[RECORDS FOR THE TASK]
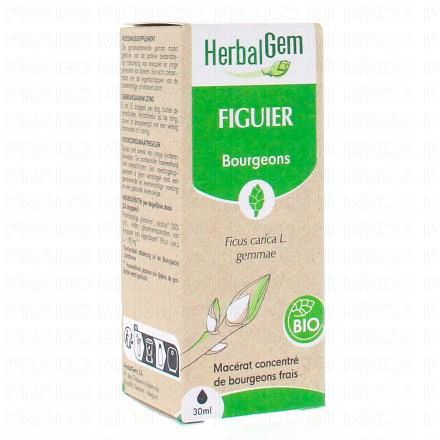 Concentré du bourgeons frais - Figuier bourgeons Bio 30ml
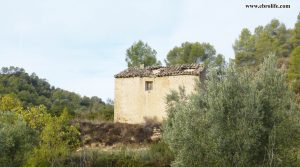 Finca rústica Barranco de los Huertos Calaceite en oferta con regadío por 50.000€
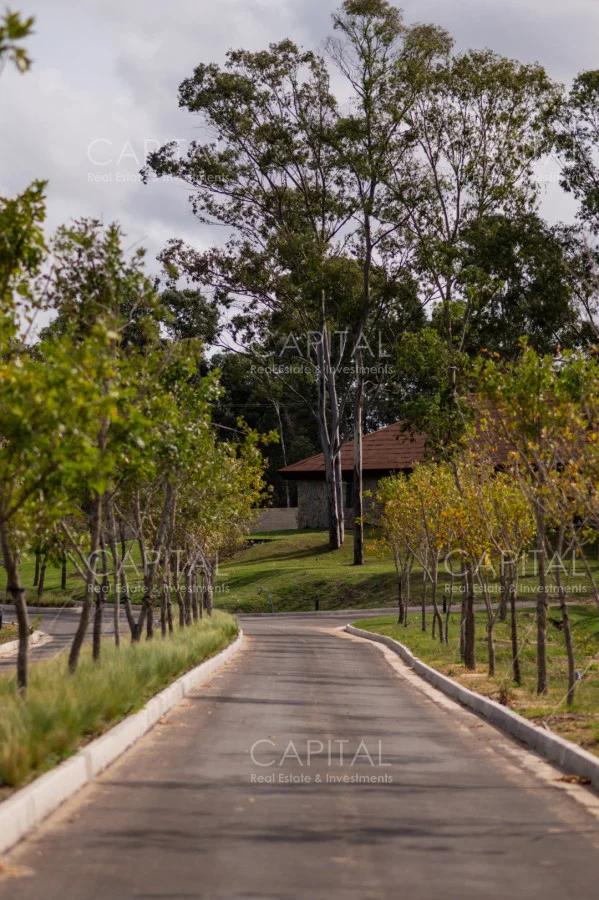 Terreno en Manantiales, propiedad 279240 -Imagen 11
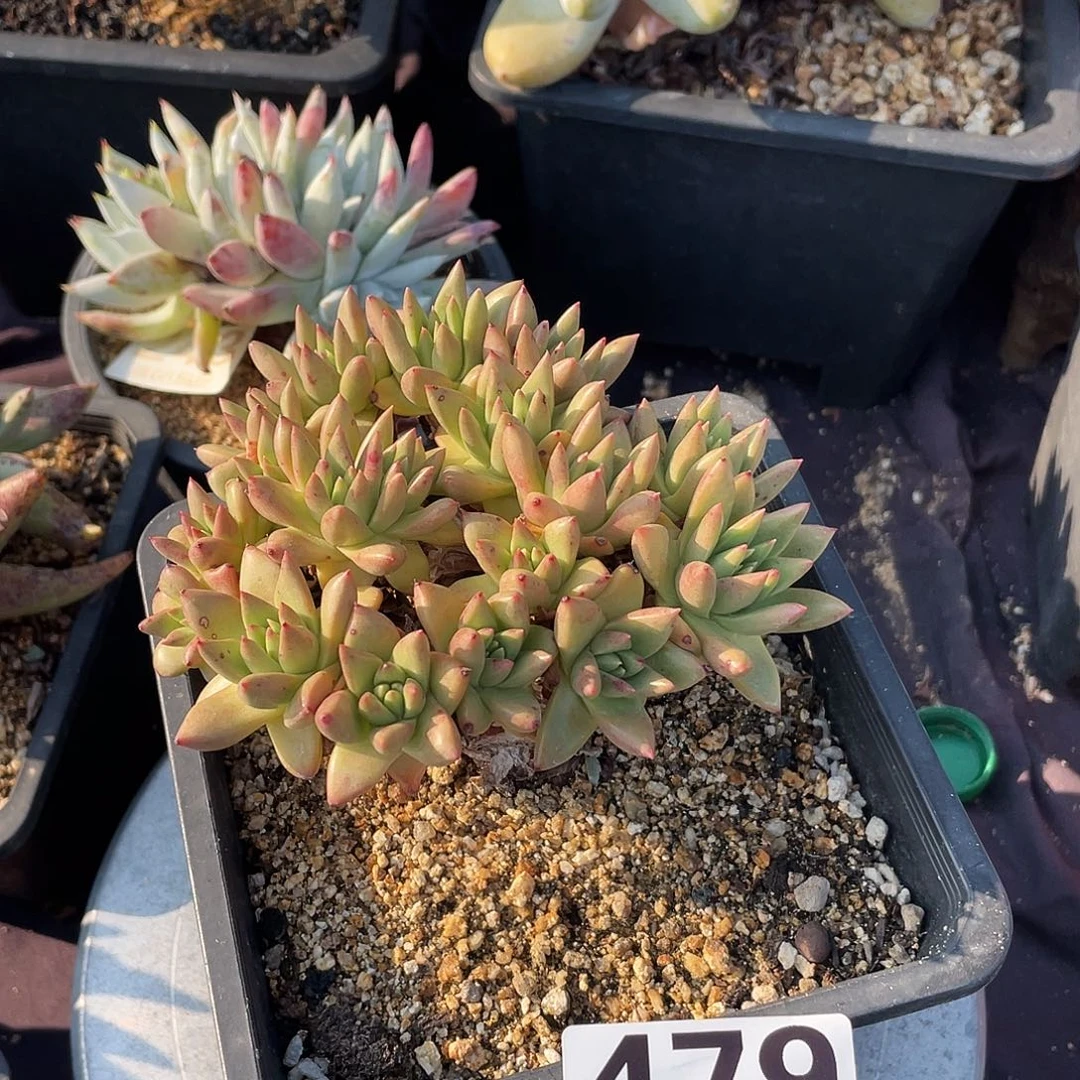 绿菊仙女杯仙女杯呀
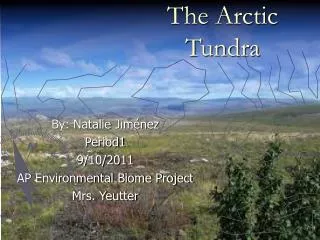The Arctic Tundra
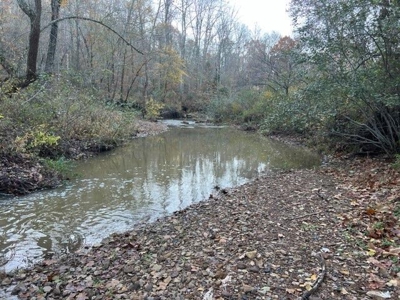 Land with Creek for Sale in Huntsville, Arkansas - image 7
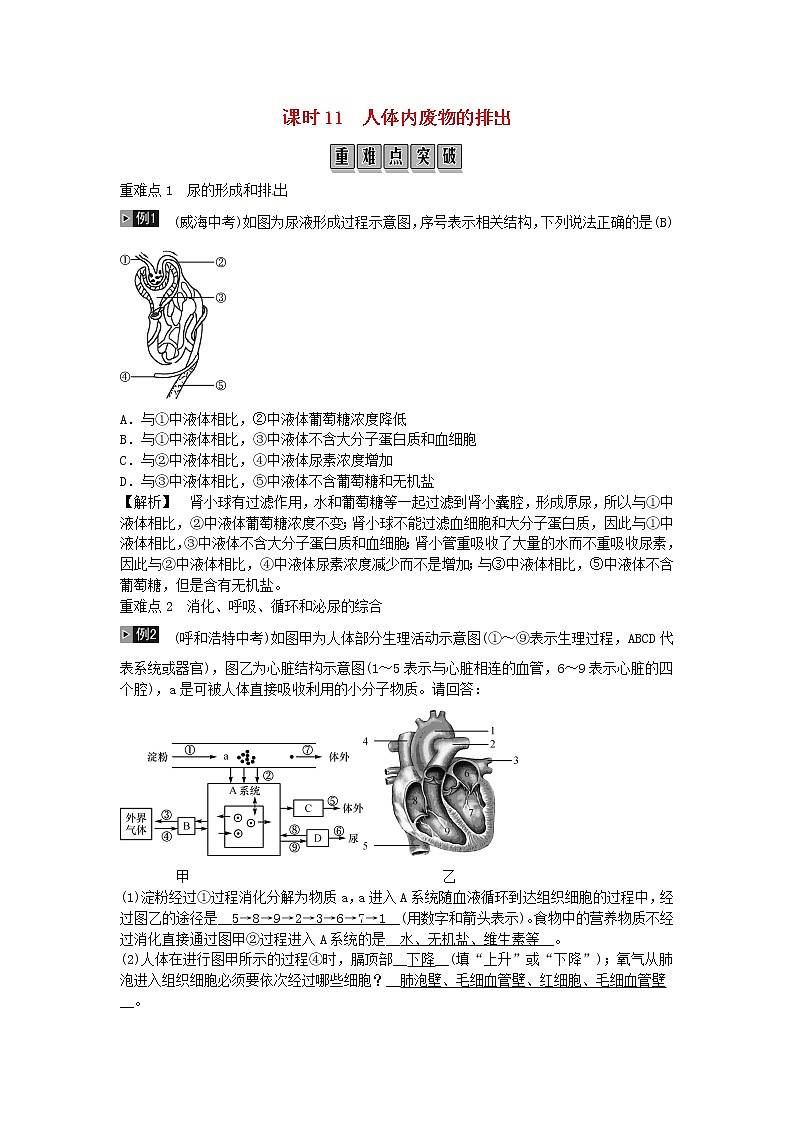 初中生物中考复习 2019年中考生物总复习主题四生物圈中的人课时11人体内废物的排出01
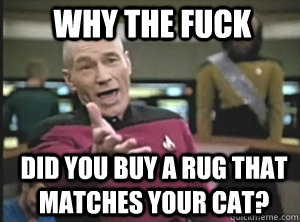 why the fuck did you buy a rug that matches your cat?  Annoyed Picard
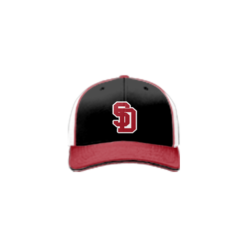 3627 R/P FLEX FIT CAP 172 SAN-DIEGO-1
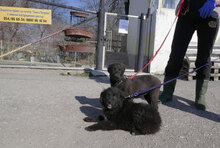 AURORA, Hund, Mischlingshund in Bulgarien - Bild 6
[/RECORDS FOR THE TASK]
Where the data contains images, drop them and print the rest exactly.

TASK RESPONSE:
 Concentré du bourgeons frais - Figuier bourgeons Bio 30ml
 Finca rústica Barranco de los Huertos Calaceite en oferta con regadío por 50.000€
 Terreno en Manantiales, propiedad 279240 -Imagen 11
 绿菊仙女杯仙女杯呀
The Arctic Tundra
 Land with Creek for Sale in Huntsville, Arkansas - image 7
 初中生物中考复习 2019年中考生物总复习主题四生物圈中的人课时11人体内废物的排出01
 why the fuck did you buy a rug that matches your cat?  Annoyed Picard
 3627 R/P FLEX FIT CAP 172 SAN-DIEGO-1
 AURORA, Hund, Mischlingshund in Bulgarien - Bild 6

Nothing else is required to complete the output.